A jeśli ktoś mi zarzuci
że świat widzę w krzywym lusterku
to ja powtórzę :
on w r ó c i .
Choć może w innym futerku . . .

konto usunięte

Temat: Ulubiony wiersz?

No i obowiązkowo:

PORTRET KOBIECY, Wiesława Szymborska

Musi być do wyboru.
Zmieniać się, żeby tylko nic się nie zmieniło.
To łatwe, niemożliwe, trudne, warte próby.
Oczy ma, jeśli trzeba, raz modre, raz szare,
czarne, wesołe, bez powodu pełne łez.
Śpi z nim jak pierwsza z brzegu, jedyna na świecie.
Urodzi mu czworo dzieci, żadnych dzieci, jedno.
Naiwna, ale najlepiej doradzi.
Słaba, ale udźwignie.
Nie ma głowy na karku, to będzie ją miała.
Czyta Jaspersa i pisma kobiece.
Nie wie po co ta śrubka i zbuduje most.
Młoda, jak zwykle młoda, ciągle jeszcze młoda.
Trzyma w rękach wróbelka ze złamanym skrzydłem,
własne pieniądze na podróż daleką i długą,
tasak do mięsa, kompres i kieliszek czystej.
Dokąd tak biegnie i czy nie jest zmęczona?
Ależ nie, tylko trochę, bardzo, nic nie szkodzi.
Albo go kocha, albo się uparła.
Na dobre, na niedobre i na litość boską.

:)

Temat: Ulubiony wiersz?

Mam bardzo duży rozrzut wśrod ulubionych .Od Safony do Achmatowej .
A z polskich oczywiśćie Asnyk i Tetmajer.

Ach,powiedz
Ach, powiedz, powiedz!

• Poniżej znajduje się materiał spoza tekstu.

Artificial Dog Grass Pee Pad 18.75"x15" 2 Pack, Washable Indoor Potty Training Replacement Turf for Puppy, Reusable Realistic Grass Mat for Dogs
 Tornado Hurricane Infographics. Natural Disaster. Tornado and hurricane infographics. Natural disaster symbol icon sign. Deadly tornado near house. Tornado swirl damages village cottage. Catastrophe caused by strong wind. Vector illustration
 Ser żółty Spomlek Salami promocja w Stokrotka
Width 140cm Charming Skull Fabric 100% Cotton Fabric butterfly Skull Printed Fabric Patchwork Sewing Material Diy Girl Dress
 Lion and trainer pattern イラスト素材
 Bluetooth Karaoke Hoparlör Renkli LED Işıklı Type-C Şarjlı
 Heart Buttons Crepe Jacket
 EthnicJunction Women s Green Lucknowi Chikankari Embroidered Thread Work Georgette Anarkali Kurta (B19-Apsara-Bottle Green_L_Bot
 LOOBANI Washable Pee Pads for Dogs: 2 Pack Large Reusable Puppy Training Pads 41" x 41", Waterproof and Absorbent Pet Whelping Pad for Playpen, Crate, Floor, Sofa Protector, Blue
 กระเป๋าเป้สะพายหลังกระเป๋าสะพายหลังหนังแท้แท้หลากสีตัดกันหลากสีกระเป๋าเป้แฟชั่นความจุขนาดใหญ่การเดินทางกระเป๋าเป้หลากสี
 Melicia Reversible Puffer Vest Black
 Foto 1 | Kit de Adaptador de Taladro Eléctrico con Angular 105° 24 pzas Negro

Jaki Bóg
W nadziemskie ubrał cię szaty,
Abyś w piękności zbrojna luk
Zburzyła promienne światy?

Ach, wobec ciebie nie ma nic!
Ty łamiesz prawa odwieczne.
I przed jasnością twoich lic
Promienie gasną słoneczne.

Niebiosa, ziemia, błękit wód,
Wszystko przepada i ginie,
Gdy ty w piękności zbrojna cud
Stajesz na światów ruinie.

Olśniewasz wszystkie światy trzy
Białością swego łona,
Rozkoszy dreszczem ziemia drży,
Kiedy obnażysz ramiona.

Z ust twoich pijąc słodycz róż,
Z pragnienia umrzeć by trzeba,
Ich ogień wstrząsa światem dusz
I pała najwyższa nieba.

A któż z śmiertelnych może znieść
Twa piękność w całym rozkwicie?
Kto może oddać tobie cześć
I jeszcze zachować życie?

Kto może myślą pieścić skroń,
Twych włosów bawić się splotem,
Kto pić namiętna może woń
I jeszcze nie umrzeć potem?

Tak jak konwalii biały kwiat
Usycha na twoim łonie,
Tak każdy zginąć byłby rad
Z uśmiechem szczęścia przy zgonie.

Lecz widząc ciebie, odejść znów
W samotne ziemi obszary...
Na te męczarnie nie ma słow.,
I nie ma straszniejszej kary!

Wiec powiedz, powiedz! Jaki Bóg
Zrobił cię kwiatów królowa?...
Bo ja chce umrzeć u twych nóg,
Byś mnie wskrzesiła na nowo!
A.Asnyk
Piotr K.

Piotr K. QA / Test Engineer
at Luxoft / UBS

Temat: Ulubiony wiersz?

Podobają mi się...

***

Kazimierz Przerwa-Tetmajer

Zamyślenia

Melancholia, tęsknota, smutek, zniechęcenie
Są treścią mojej duszy... Z skrzydły złamanemi
Myśl ma, zamiast powietrzne przerzynać bezdenie,
Włóczy się jak zbarczone żurawie po ziemi.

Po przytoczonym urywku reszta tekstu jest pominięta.